Records shown.
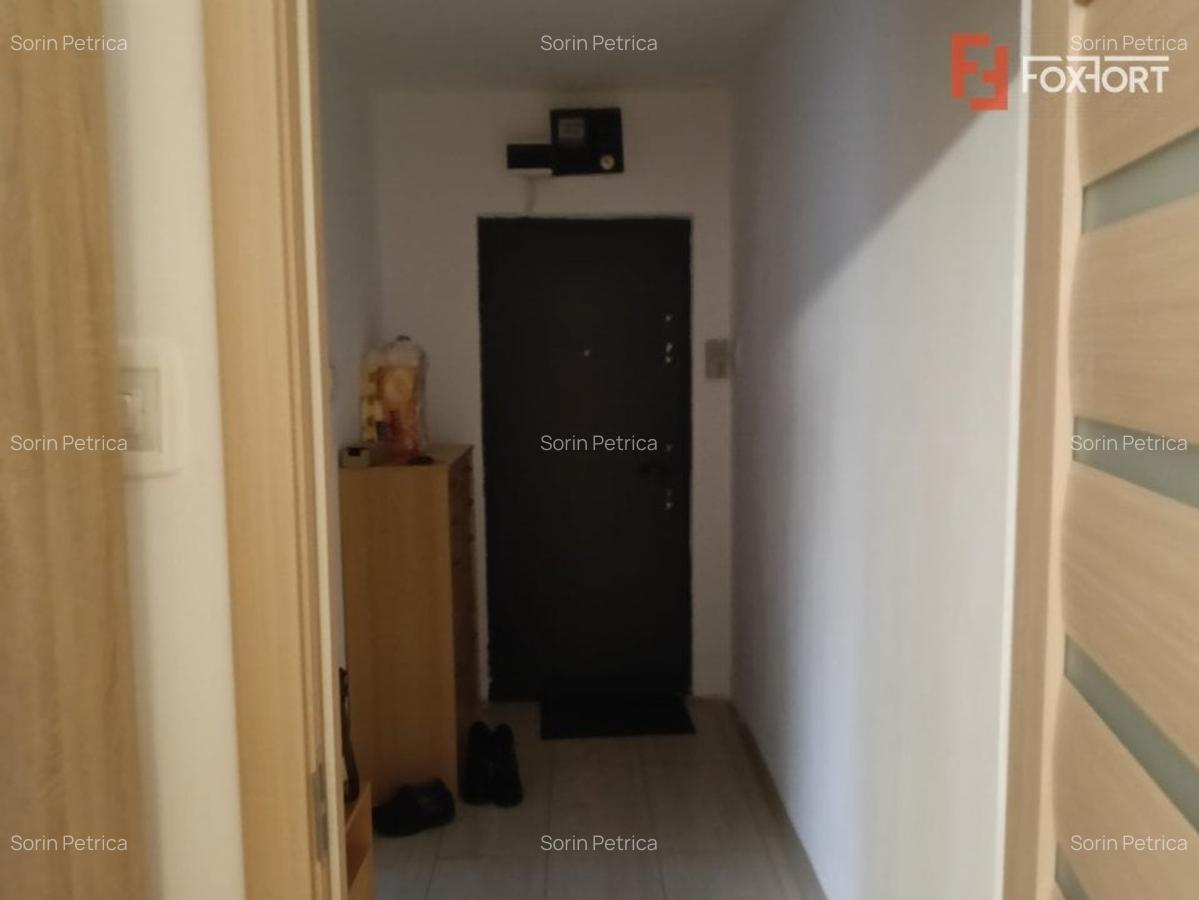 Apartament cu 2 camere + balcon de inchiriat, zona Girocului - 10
==
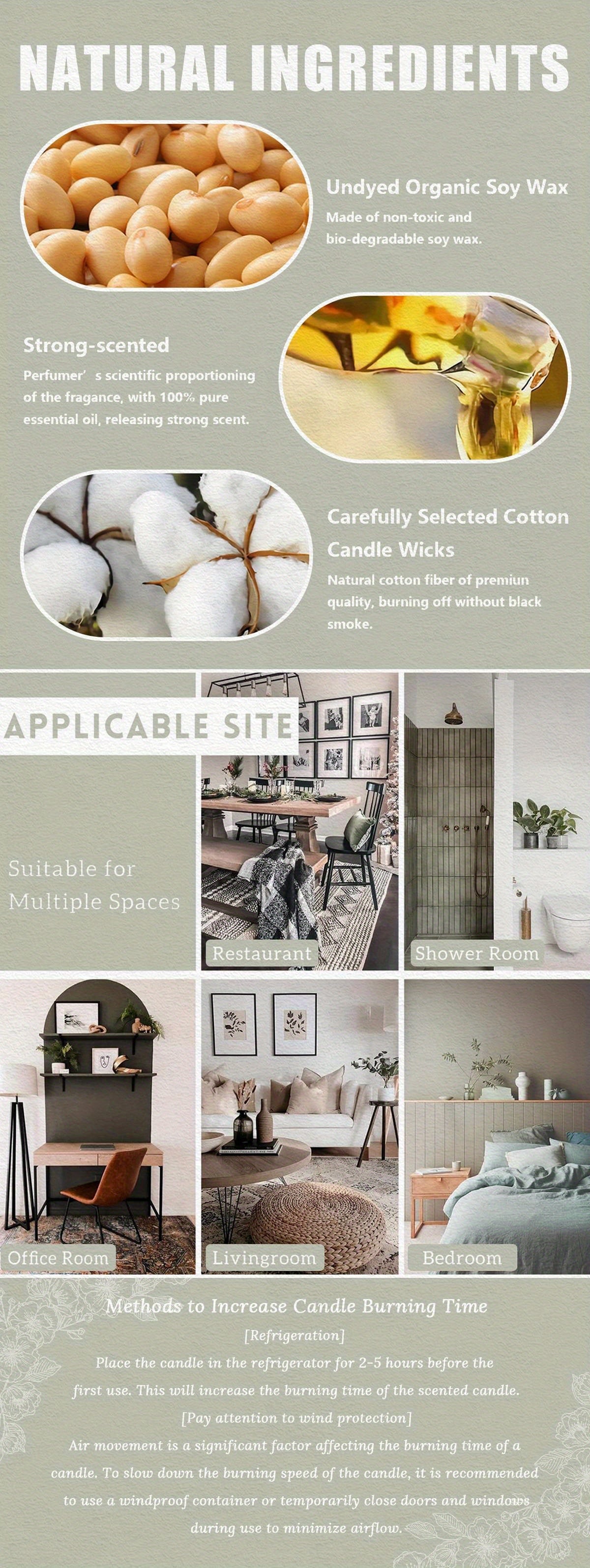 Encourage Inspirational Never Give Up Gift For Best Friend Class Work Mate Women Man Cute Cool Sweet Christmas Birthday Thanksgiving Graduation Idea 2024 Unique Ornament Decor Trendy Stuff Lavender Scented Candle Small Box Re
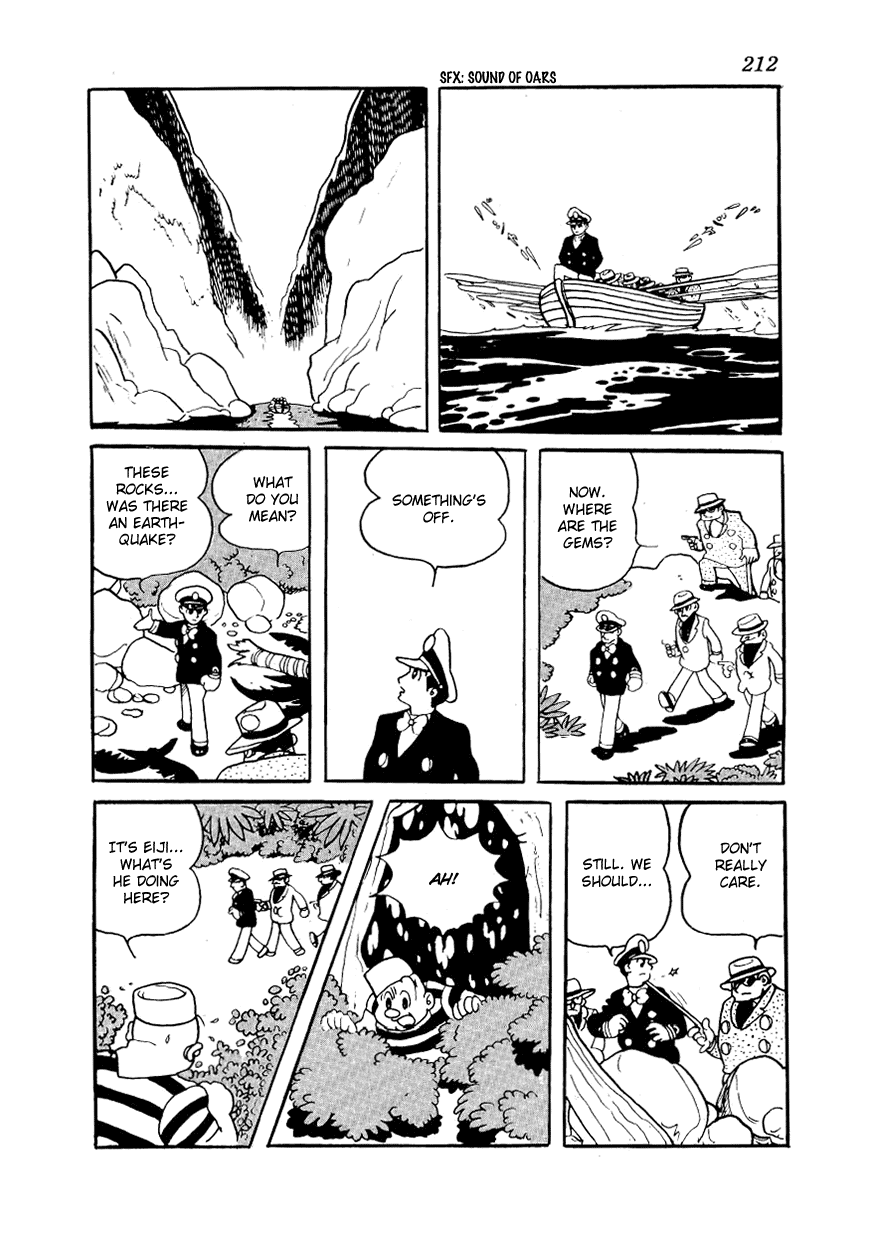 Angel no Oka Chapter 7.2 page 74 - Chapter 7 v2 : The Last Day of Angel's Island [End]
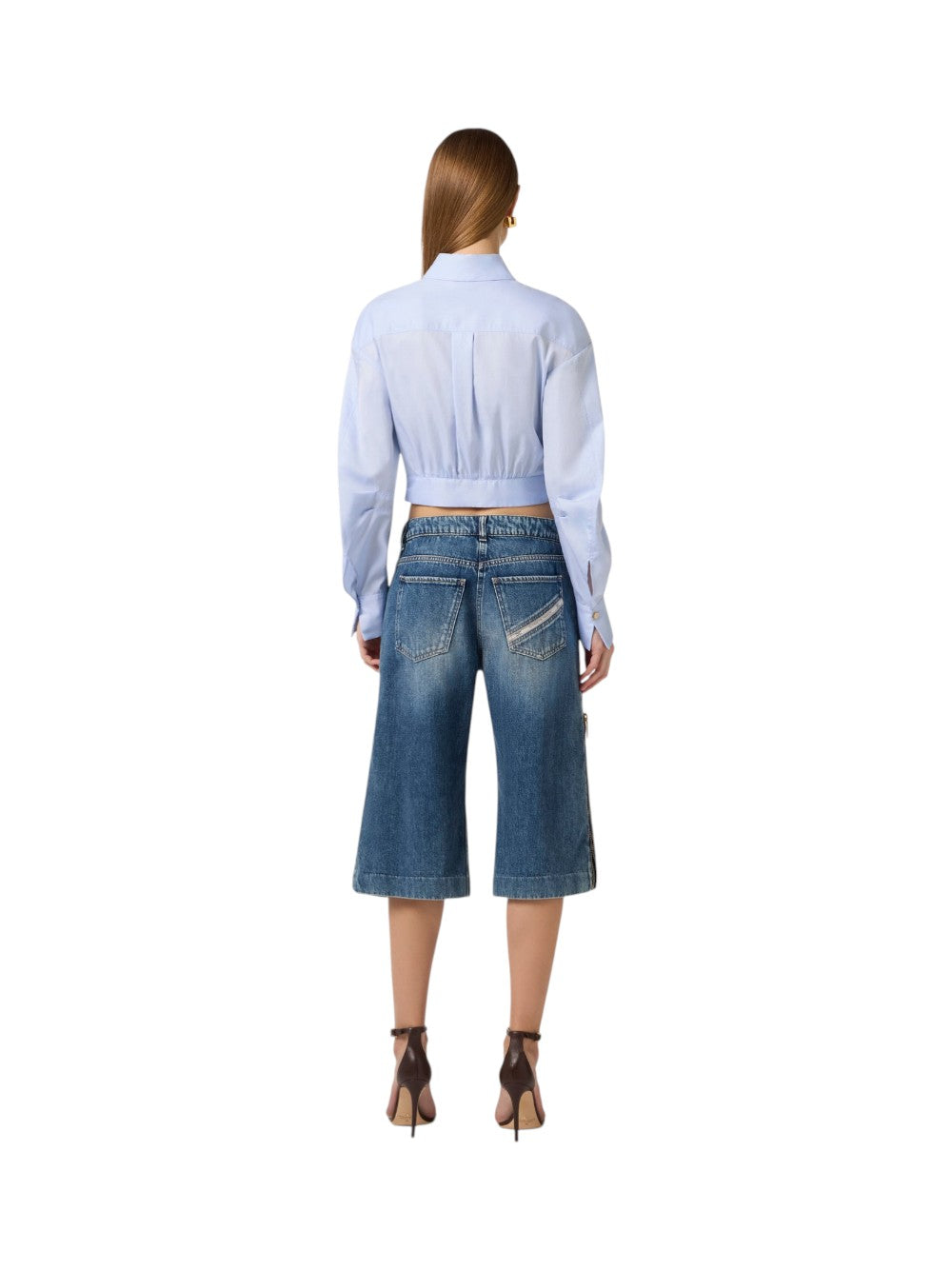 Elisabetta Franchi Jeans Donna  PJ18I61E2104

Action item. Pictures aside, return exactly the lines from the data above, starting at the line that has "Encourage Inspirational Never" and ending at the line that has "Elisabetta Franchi Jeans", both included.

Response area.
 Encourage Inspirational Never Give Up Gift For Best Friend Class Work Mate Women Man Cute Cool Sweet Christmas Birthday Thanksgiving Graduation Idea 2024 Unique Ornament Decor Trendy Stuff Lavender Scented Candle Small Box Re
 Angel no Oka Chapter 7.2 page 74 - Chapter 7 v2 : The Last Day of Angel's Island [End]
 Elisabetta Franchi Jeans Donna  PJ18I61E2104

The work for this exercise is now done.